┌──
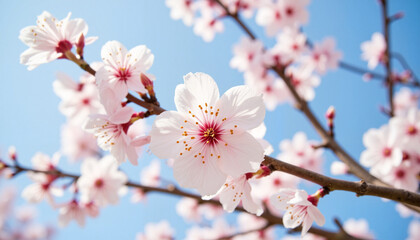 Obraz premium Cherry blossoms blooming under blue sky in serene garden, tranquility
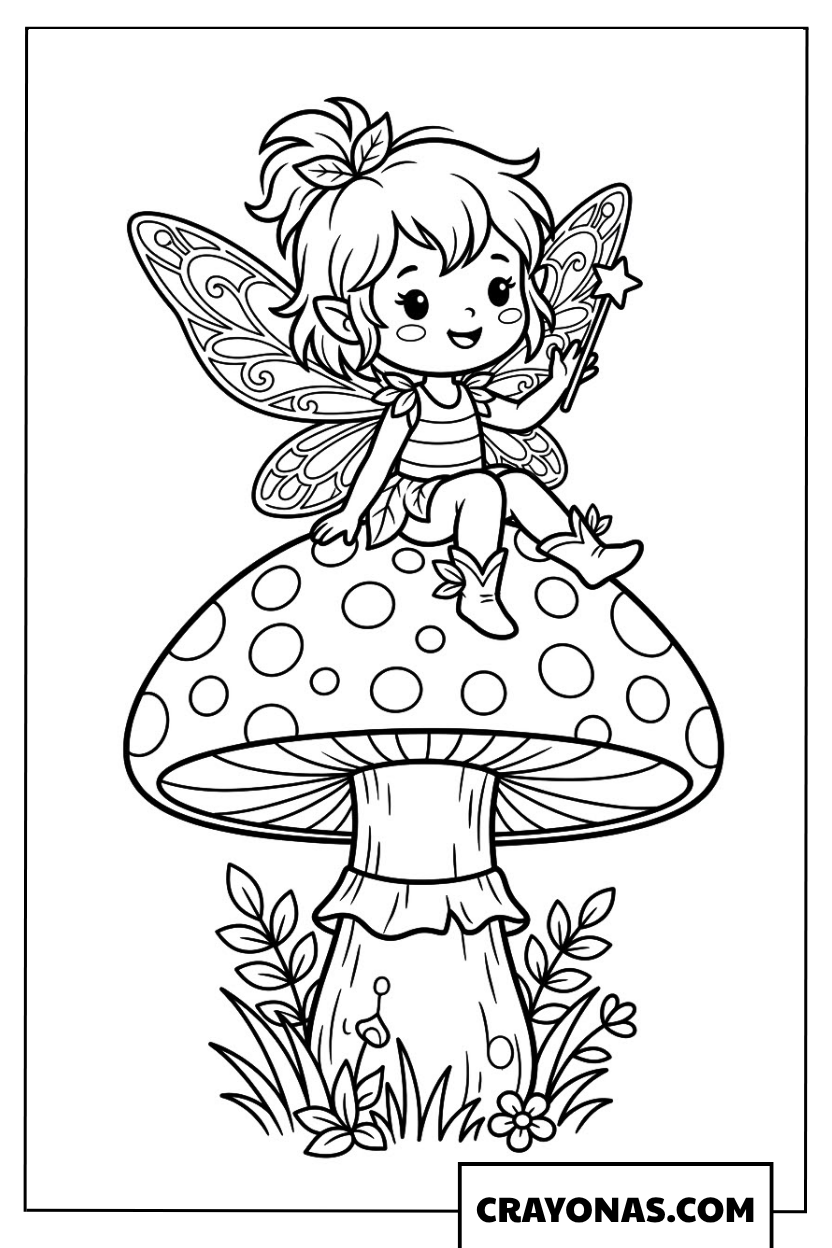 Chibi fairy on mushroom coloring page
└──
┌──
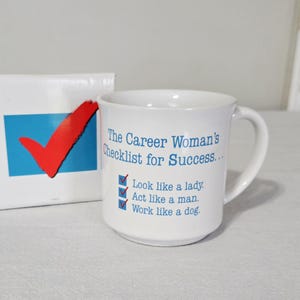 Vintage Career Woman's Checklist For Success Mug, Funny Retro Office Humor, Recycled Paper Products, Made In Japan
└──
**Directions for this task**
Retype the lines above exactly as they appear, from the line containing "Obraz premium Cherry" through the line containing "Chibi fairy on mushroom coloring page", and leave out any pictures.

**Result for this task**
 Obraz premium Cherry blossoms blooming under blue sky in serene garden, tranquility
 Chibi fairy on mushroom coloring page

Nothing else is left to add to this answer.